In order to find a proper transformation between two consequent frames several approaches have been exploited. First, the so-called SIFT (Scale-Invariant Feature Transform) algorithm was used to find a single rotation describing the entire transformation from one frame to another. The SIFT algorithm finds multiple distinctive invariant features on each frame, so that these features can be used to perform reliable matching between subsequent frames. For this particular application the SIFT algorithm exhibits a very good performance finding around 160 keypoints on each frame. Around a half of them find the correct match with the keypoints on the following frames. For example, for the two images shown on Fig.B (one corresponds to the instant of time preceding the pop-up event and another one has a point popped-up already) 76 matches were found. Rough averaging between all matches resulted in 0.547° rotation angle.

Figure B. Multiple matching points resulted from the SIFT algorithm.

It‘s worth noting that compared to some earlier applications (video scoring of descending payload) in this specific application the SIFT algorithm proved to work quite well and therefore can be used to find multiple matches between two frames very reliably. This is because each frame has a very distinctive texture.

The matching pairs of points found with the SIFT algorithm or somehow else (hereinafter called control points) can be further used to infer a more general, spatial transformation or an inverse mapping from output space (x,y) to input space (u,v) according to the chosen transform type. There are several transform types that can be used for the specific application in order to find a better match between two images. The first three, requiring lesser control-point pairs are listed below:

- ‘Linear conformal’ – this transformation assumes that shapes in the input image are unchanged, but the image is distorted by some combination of translation, rotation, and scaling, i.e. the straight lines remain straight, and parallel lines are still parallel;
- ‘Affine’ – this transformation assumes that shapes in the input image exhibit shearing, i.e., the straight lines remain straight, and parallel lines remain parallel, but rectangles become parallelograms. In an affine transformation, the x and y dimensions can be scaled or sheared independently and there can be a translation as well;
- ‘Projective’ - this transformation assumes that transformation when the scene appears tilted (which actually happens when the point of view of the observer changes). Straight lines remain straight, but parallel lines converge toward vanishing points that might or might not fall within the image.

The following presents an example of using the multiple pairs of control points assigned manually using the MATLAB Control Point Selection Tool.
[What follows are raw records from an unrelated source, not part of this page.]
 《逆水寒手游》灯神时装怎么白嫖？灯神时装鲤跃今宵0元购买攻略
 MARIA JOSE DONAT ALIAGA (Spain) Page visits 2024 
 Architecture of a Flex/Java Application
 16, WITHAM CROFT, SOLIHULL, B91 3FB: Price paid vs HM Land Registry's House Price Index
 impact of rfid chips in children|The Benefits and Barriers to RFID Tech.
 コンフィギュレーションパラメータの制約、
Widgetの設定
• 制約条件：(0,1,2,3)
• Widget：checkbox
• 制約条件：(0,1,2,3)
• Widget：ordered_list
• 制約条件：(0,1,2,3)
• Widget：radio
When being called, the Control Point Selection Tool allows assigning multiple pairs of the control points either manually (as shown on Fig.C) or in the prompt regime (available after assigning at least two points manually), when the potential matches are predicted manually (as shown on Fig.D).

Figure C. Picking the pairs of control points manually. | Figure D. Picking the pairs of control points semi-automatically. |

After appropriate number of points has been assigned, the algorithm continues with their correction (based on cross correlation) and computing the corresponding transformation. Figure E presents an example, when the linear conformal transformation was used to correct the input image (shown on the top right). The corrected image (bottom right) reveals the parameters of the transformation (note, all images were cropped by 10 pixels from the left, up and bottom and by 20 pixels from the right to eliminate the black selvedge).
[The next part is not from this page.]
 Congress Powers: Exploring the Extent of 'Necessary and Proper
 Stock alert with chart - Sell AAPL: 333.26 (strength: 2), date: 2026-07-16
Shown on the bottom left is the raw difference between the base and input (uncorrected) frames. Supposedly, if applied to the corrected image it should only reveal the pop-up spots (in this case their position within the image frame could be extracted very easily). Figure F presents this corrected difference for the linear conformal transformation. It is clearly seen that the picture appears cleaner as compared to the bottom left plot on Fig.E. The average intensity dropped from 3.73 on Fig.E to 1.47 on Fig.F. Note that there are some remnants still left on Fig.F indicating that affine or even projective transformations might be a better choice.

Figure E. Applying the correction to the input image.

Figure F. Difference between base and corrected image.

By looking at Fig.F it is clear that if something new pops up it should be easier to detect it. Another useful outcome of correcting the frames, so that they reveal the same orientation as the base frame, is that the motion of the observer (aerial platform) can be totally excluded from consideration. In this case when being played back, the corrected frame sequence will produce a “stabilized” video, so that all surveyed reference points remain at the same spots. It may also help blending visual data with the IR data later on (the IR imagery will also need to undergo the same processing).

Obviously, applying the SIFT algorithm and MATLAB Control Point Selection Tool is not the only option for finding the multiple pairs of the control points. The frame positions of the surveyed reference points may serve as these control points as well. (Besides, we need to know the positions of these points on each frame anyway.)